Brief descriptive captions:

--------------------

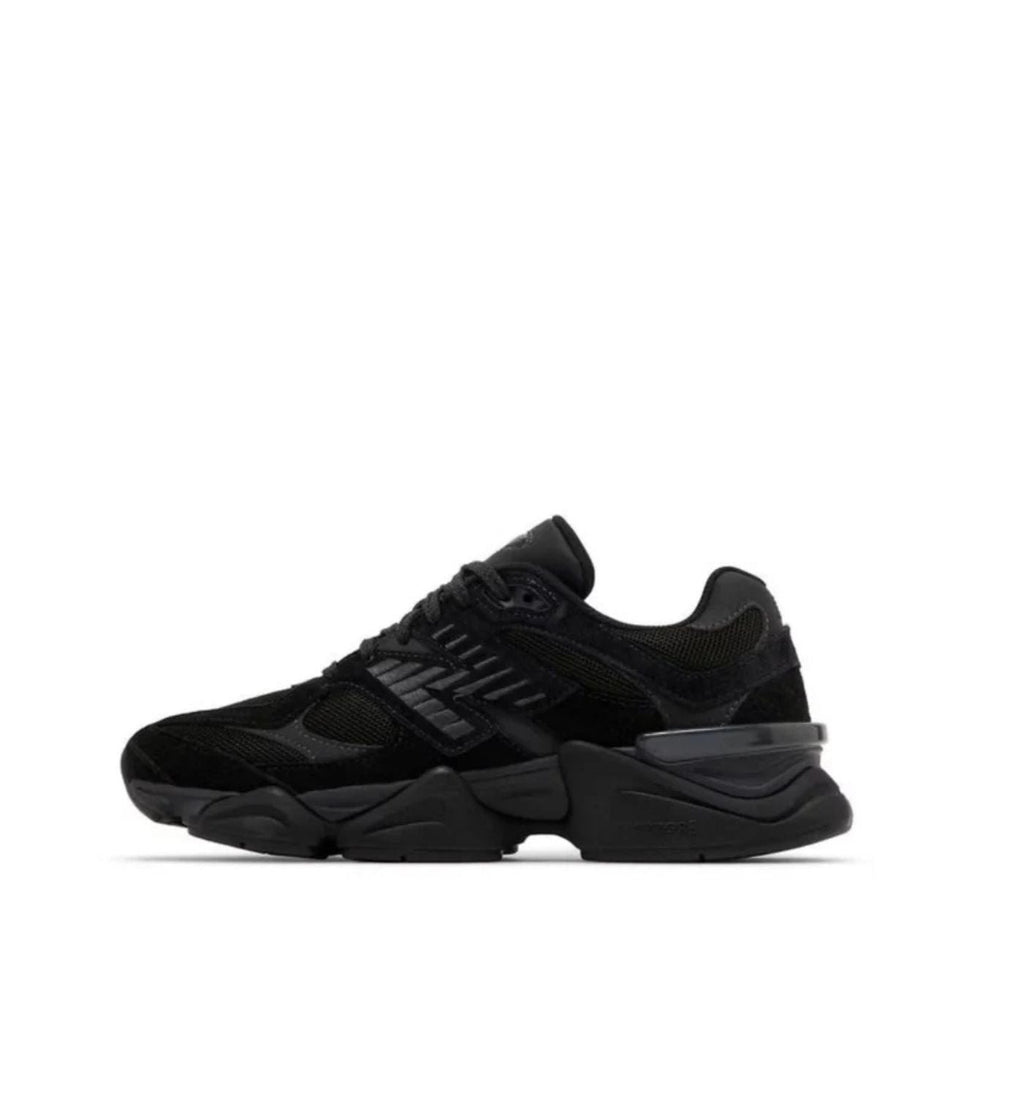 9060 'Black'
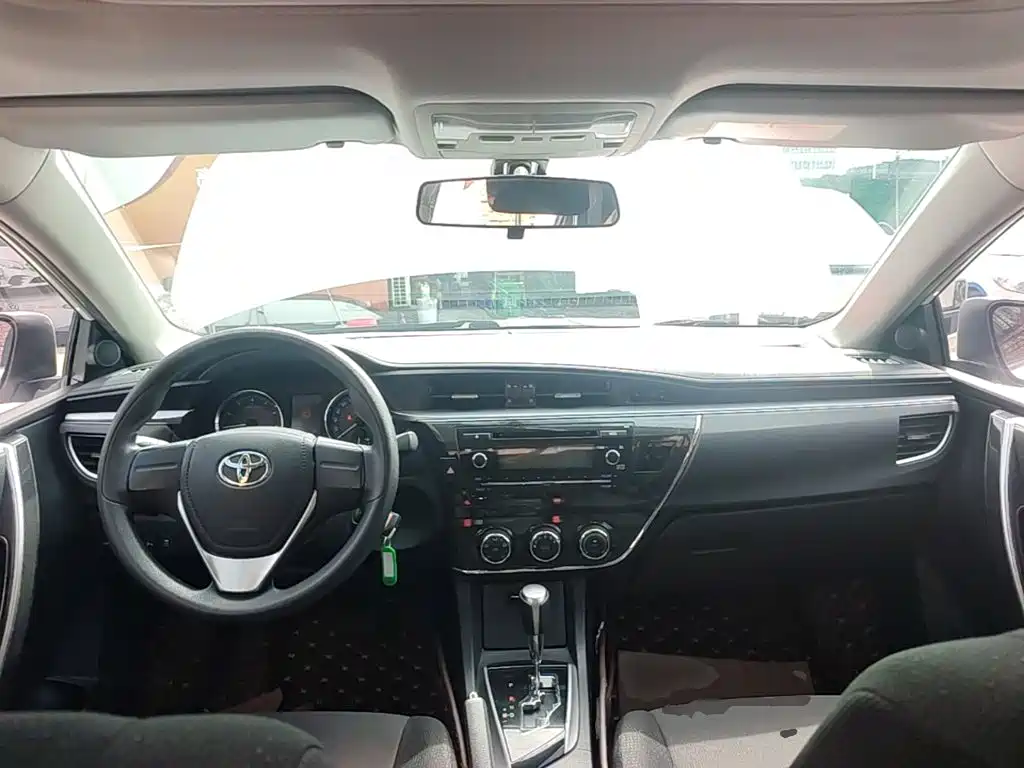 Toyota Corolla — миниатюра 10
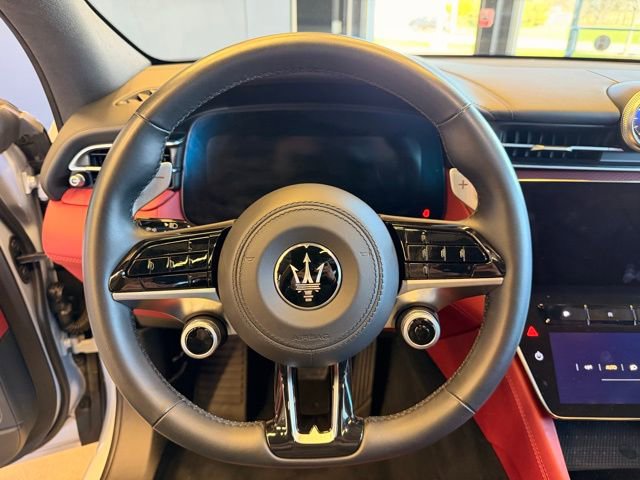 Used 2023 Maserati Grecale Modena image 21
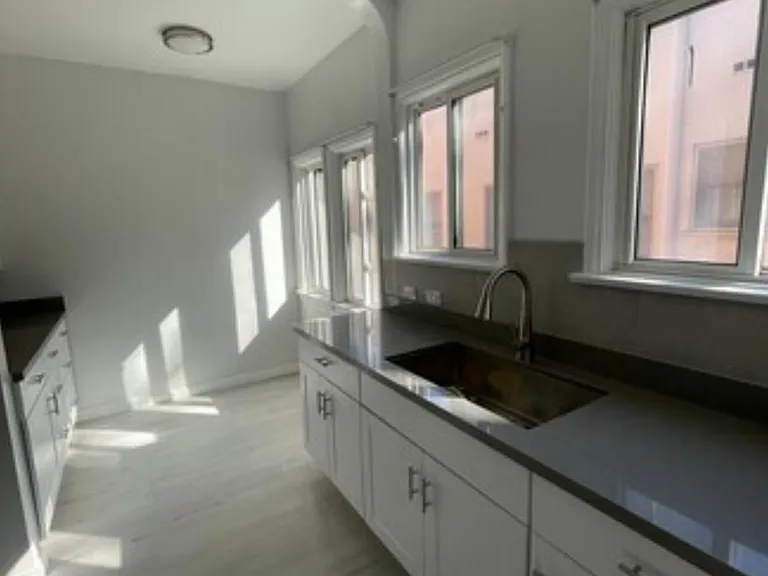 4308 8th Ave #1/2 — Photo 3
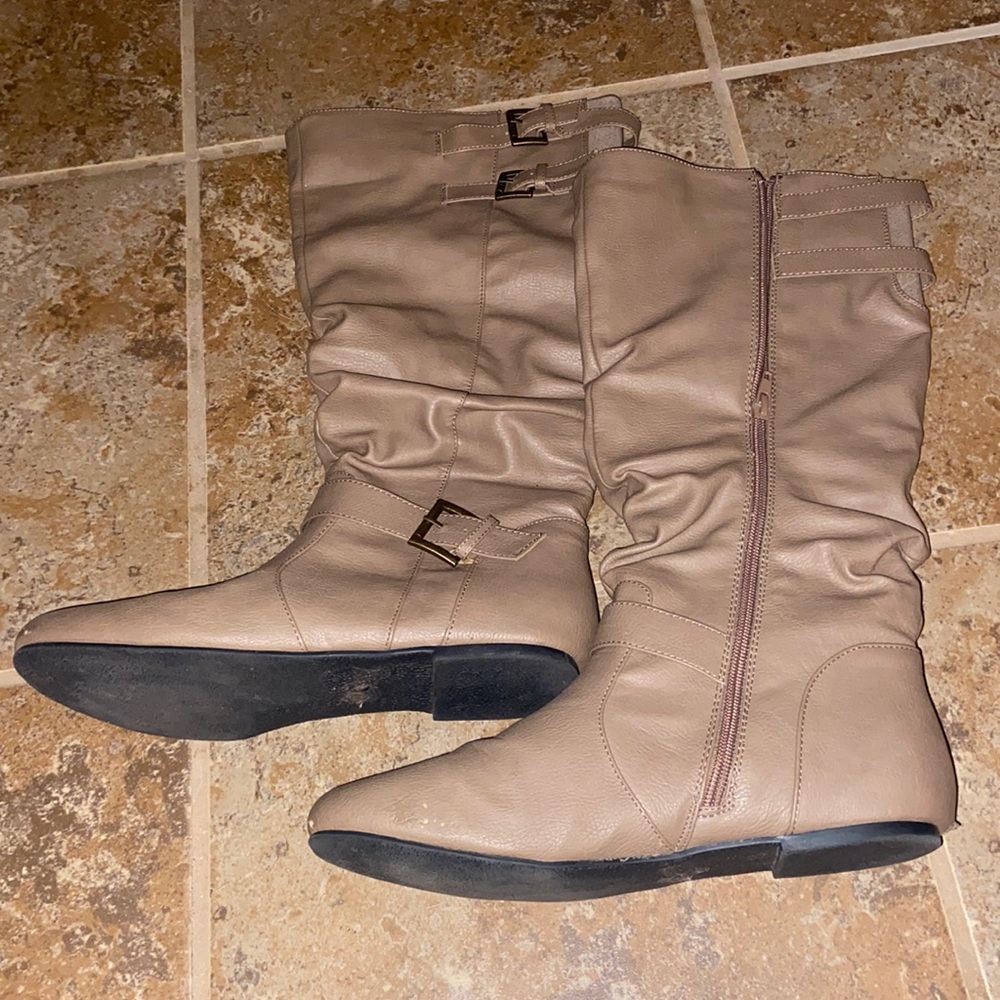 Woman’s Boots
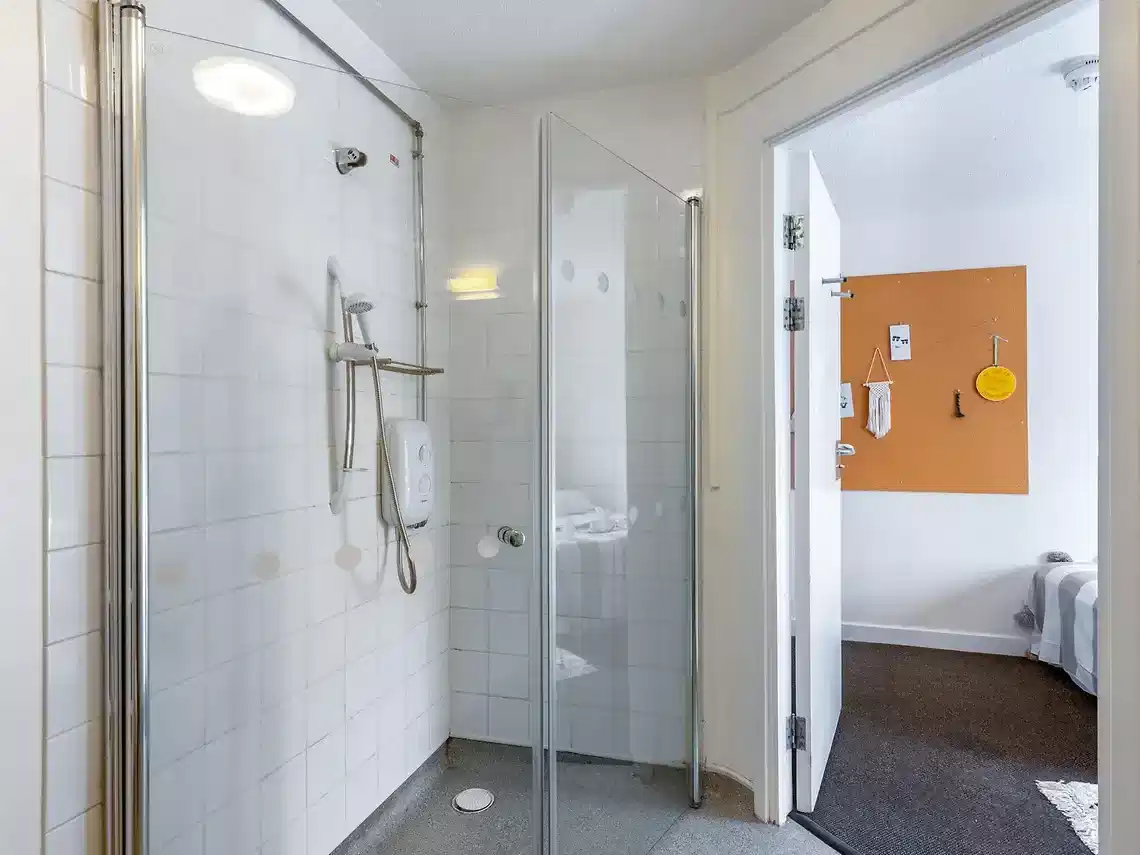 Classic Ensuite - Bathroom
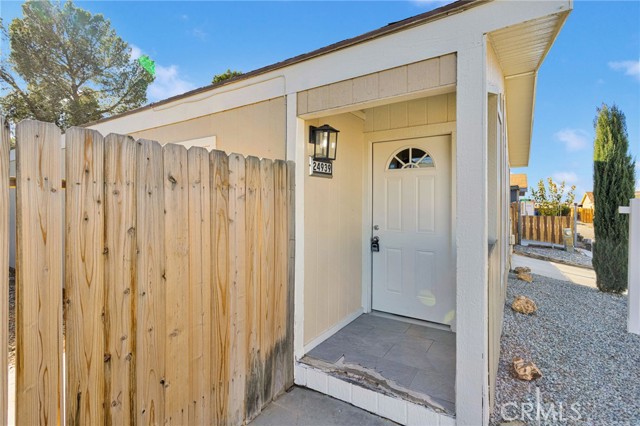 Detail Gallery Image 4 of 30 For 24939 Camino Del Norte, Barstow,  CA 92311 - 3 Beds | 2 Baths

--------------------

- TASK DIRECTIONS:
Pictures aside, restate the entries word for word.

- WRITTEN ANSWER:
 9060 'Black'
 Toyota Corolla — миниатюра 10
 Used 2023 Maserati Grecale Modena image 21
 4308 8th Ave #1/2 — Photo 3
 Woman’s Boots
 Classic Ensuite - Bathroom
 Detail Gallery Image 4 of 30 For 24939 Camino Del Norte, Barstow,  CA 92311 - 3 Beds | 2 Baths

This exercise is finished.